Fuente: Diario Correo (2019)

Si se trata de establecer conexiones, La mujer soviética es heredera de la estética pop  de Andy Warhol. A lo largo de la novela se va revelando la construcción artística a partir de la imitación y el uso de géneros populares como insumos. Si hay algo que predomina en los grandes productores de telenovelas es el reciclaje de guiones, la  adaptación de historias para cada época con distintos protagonistas. Se utilizan las antiguas ficciones como materia para las nuevas, y es ahí donde Metalius se erige como artista, impregnándole su sello a la caracterización de los personajes arquetípicos de las ficciones televisivas sin olvidar la esencia del enganche con los televidentes, los elementos eficaces para cautivarlos.

No obstante lo anterior, la muerte rodea constantemente a los personajes de la novela y se convierte en la guía de sus acciones tanto en su aspecto simbólico como real. Es a través de la inmortalidad de la ficción que Metalius busca dejar un legado, una estela alumbrada por su nombre y de ahí su rivalidad feroz con las jóvenes promesas televisivas. La eterna disputa de lo nuevo y lo viejo toma un carácter nocivo, que conduce a desprenderse de cualquier vínculo, materno incluso, que desacraliza este campo de manera tal que termina por convertirse en una carga nefasta para la consecución de los anhelos de los  personajes y que, además, origina su perversidad. 

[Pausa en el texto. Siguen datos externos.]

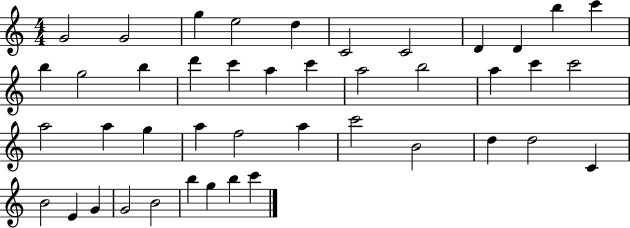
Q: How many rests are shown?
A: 0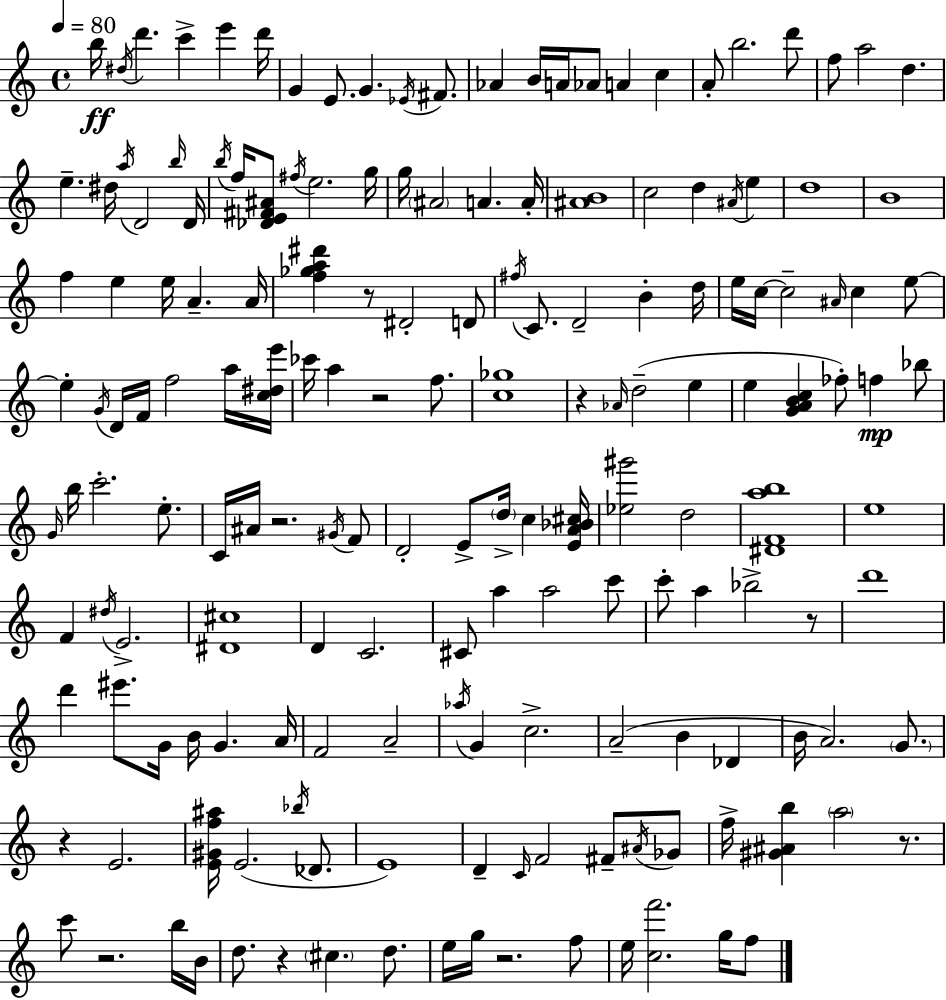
{
  \clef treble
  \time 4/4
  \defaultTimeSignature
  \key c \major
  \tempo 4 = 80
  b''16\ff \acciaccatura { dis''16 } d'''4. c'''4-> e'''4 | d'''16 g'4 e'8. g'4. \acciaccatura { ees'16 } fis'8. | aes'4 b'16 a'16 aes'8 a'4 c''4 | a'8-. b''2. | \break d'''8 f''8 a''2 d''4. | e''4.-- dis''16 \acciaccatura { a''16 } d'2 | \grace { b''16 } d'16 \acciaccatura { b''16 } f''16 <des' e' fis' ais'>8 \acciaccatura { fis''16 } e''2. | g''16 g''16 \parenthesize ais'2 a'4. | \break a'16-. <ais' b'>1 | c''2 d''4 | \acciaccatura { ais'16 } e''4 d''1 | b'1 | \break f''4 e''4 e''16 | a'4.-- a'16 <f'' ges'' a'' dis'''>4 r8 dis'2-. | d'8 \acciaccatura { fis''16 } c'8. d'2-- | b'4-. d''16 e''16 c''16~~ c''2-- | \break \grace { ais'16 } c''4 e''8~~ e''4-. \acciaccatura { g'16 } d'16 f'16 | f''2 a''16 <c'' dis'' e'''>16 ces'''16 a''4 r2 | f''8. <c'' ges''>1 | r4 \grace { aes'16 } d''2--( | \break e''4 e''4 <g' a' b' c''>4 | fes''8-.) f''4\mp bes''8 \grace { g'16 } b''16 c'''2.-. | e''8.-. c'16 ais'16 r2. | \acciaccatura { gis'16 } f'8 d'2-. | \break e'8-> \parenthesize d''16-> c''4 <e' a' bes' cis''>16 <ees'' gis'''>2 | d''2 <dis' f' a'' b''>1 | e''1 | f'4 | \break \acciaccatura { dis''16 } e'2.-> <dis' cis''>1 | d'4 | c'2. cis'8 | a''4 a''2 c'''8 c'''8-. | \break a''4 bes''2-> r8 d'''1 | d'''4 | eis'''8. g'16 b'16 g'4. a'16 f'2 | a'2-- \acciaccatura { aes''16 } g'4 | \break c''2.-> a'2--( | b'4 des'4 b'16 | a'2.) \parenthesize g'8. r4 | e'2. <e' gis' f'' ais''>16 | \break e'2.( \acciaccatura { bes''16 } des'8. | e'1) | d'4-- \grace { c'16 } f'2 fis'8-- \acciaccatura { ais'16 } | ges'8 f''16-> <gis' ais' b''>4 \parenthesize a''2 r8. | \break c'''8 r2. | b''16 b'16 d''8. r4 \parenthesize cis''4. d''8. | e''16 g''16 r2. | f''8 e''16 <c'' f'''>2. g''16 | \break f''8 \bar "|."
}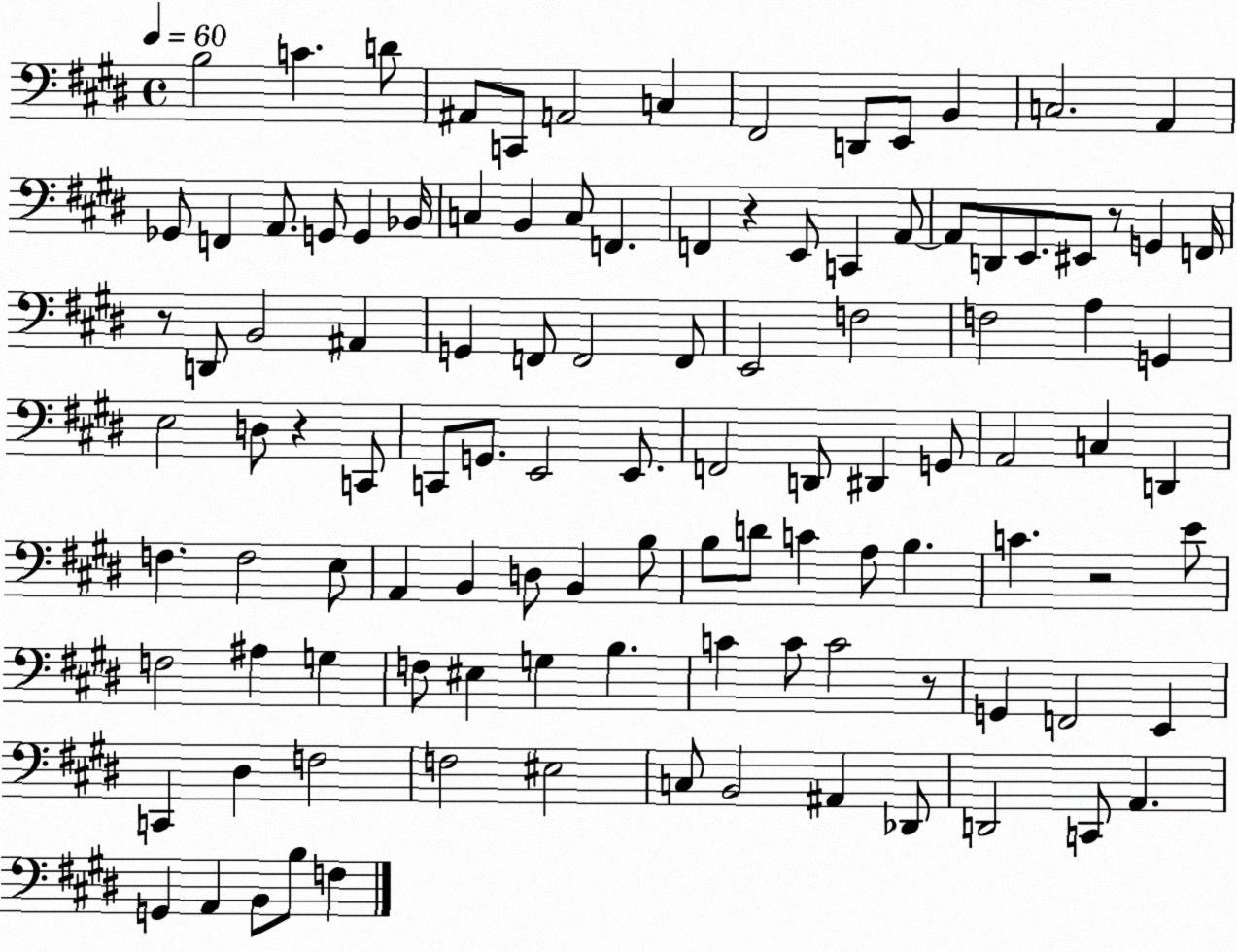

En detrimento de una trama paralela que busca calzar de forma infructuosa una exploración sobre el mundo de la dark web, uno de los mayores atributos de La mujer soviética es el planteamiento de la ficción, a través de la parodia de las telenovelas, como un elemento de dominación de masas, un sueño colectivo:

El gobierno ejercía el control de los canales de televisión y empezó a transmitir Coral en los quince países de la Unión y en simultáneo, a las siete de la noche, la hora en que las familias se sentaban a cenar frente al televisor. El resultado fue un suceso nunca antes visto. Era la primera vez que transmitían una telenovela de Hispanoámerica, una realidad distinta donde no existían la Guerra Fría ni la crisis económica, donde los problemas eran más cotidianos.

Salvatierra, 2019, p. 137

El recurso del melodrama se presenta como una manera de captar la atención mediática a través de la construcción artificial de historias, cuyo alcance ya quisieran tener otras formas artísticas, al punto de ser esencial para validar una estructura social de manera constante. La telenovela más grande fue la del ser humano queriendo exterminarse a sí mismo, se dice hacia el final,  y al leer el desmoronamiento moral y físico de los personajes y su derrota progresiva frente al paso del tiempo, uno se da cuenta que, incluso siendo una parodia del mundo de los melodramas televisivos, los protagonistas están viviendo el suyo fuera de las pantallas, uno en el que se confunde la realidad y la ficción en un inquietante policial que por momentos recuerda a Rubem Fonseca. La novela de Dany Salvatierra fue una de las más gratas apariciones narrativas del año pasado, sin duda, y merece leerse una y otra vez.

Datos del libro: La mujer soviética de Dany Salvatierra. Planeta, 2019, 364 páginas.